Trinkets of Deceit

“Do not put your faith in such trinkets of deceit!”

Dracula – Bram Stoker

I think I have covered my youthful ambition to be a history teacher before. I may even have admitted that I really wanted to be a University lecturer but was trying not to show off. As I sit here, surrounded by chaos, I reflect that if I had become a lecturer, this would be a perfectly acceptable way to organise my workspace.

I think it’s high time that someone wrote a book on marketing and the Nazi party. This thought first came to mind when I saw a young man strutting up and down in a  military collectors’ shop admiring his reflection in a display case as he held a Nazi dagger at his hip.

This was, to be accurate, my third thought. The first was that I’d like to slap some sense into him and the second was that he needed a psychiatrist.

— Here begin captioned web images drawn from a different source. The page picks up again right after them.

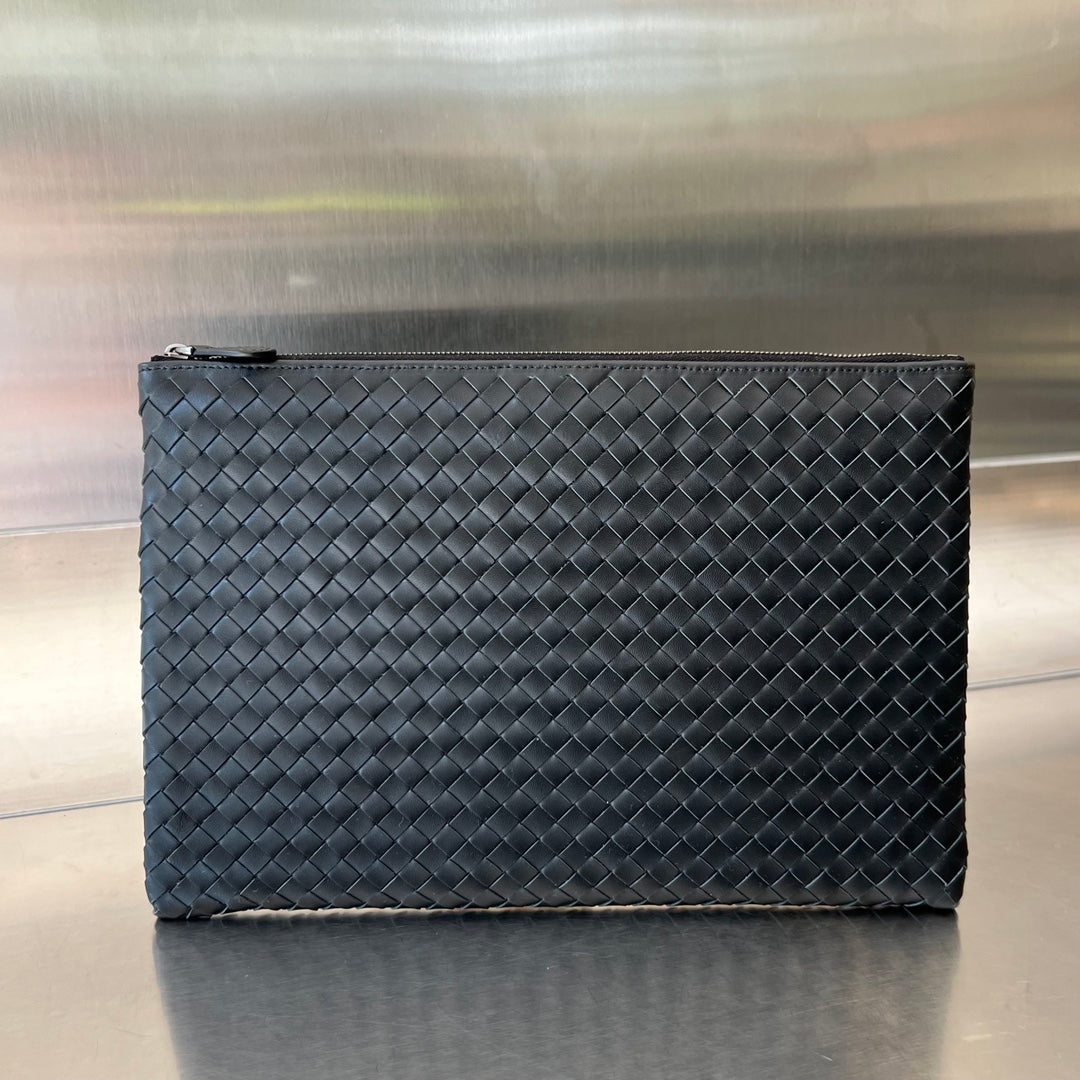 BOTTEGA VENETA INTRECCIATO 30 IN BLACK LAMBSKIN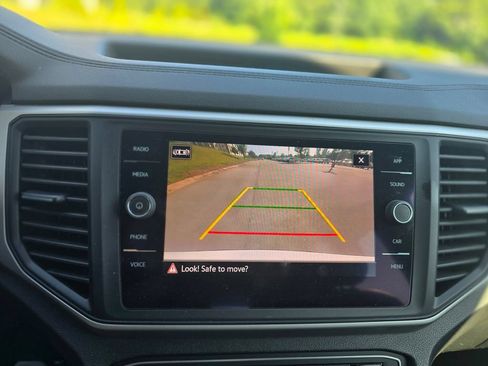 Used 2021 Volkswagen Atlas Cross Sport SE FWD image 33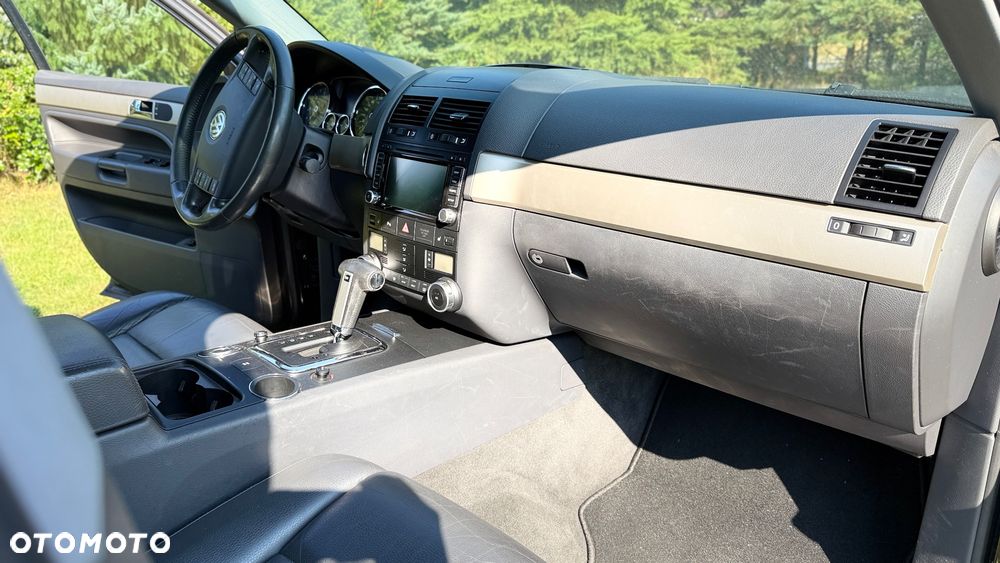 Volkswagen Touareg - 7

The Romans knew a bit about pageantry and psychology, with their Triumphs and circuses. Napoleon knew some too – “You call these medals and ribbons baubles; well it is with such baubles that men are led.”

The Nazis, with their reliance on mythology, medals and regalia, were just treading an old path, but they did it well. The rest, as they say, is history.

I looked a long time to find a balanced article about it, because people tend to have strong views on the Nazis. It’s tricky, but the lesson I draw from it is that the heraldry of the Nazi party still draws people in.

It’s interesting to draw a parallel between the building of the Nazi Party and the modern marketing industry, and how the techniques of the modern industry were foreshadowed by the Nazis. We’ve had books on leadership that purport to be written by Attila the Hun, Henry V and Jean-Luc Picard, how about  marketing book written in the character of Josef Goebbels? If you can make that popular, you really would be performing marketing at a high level.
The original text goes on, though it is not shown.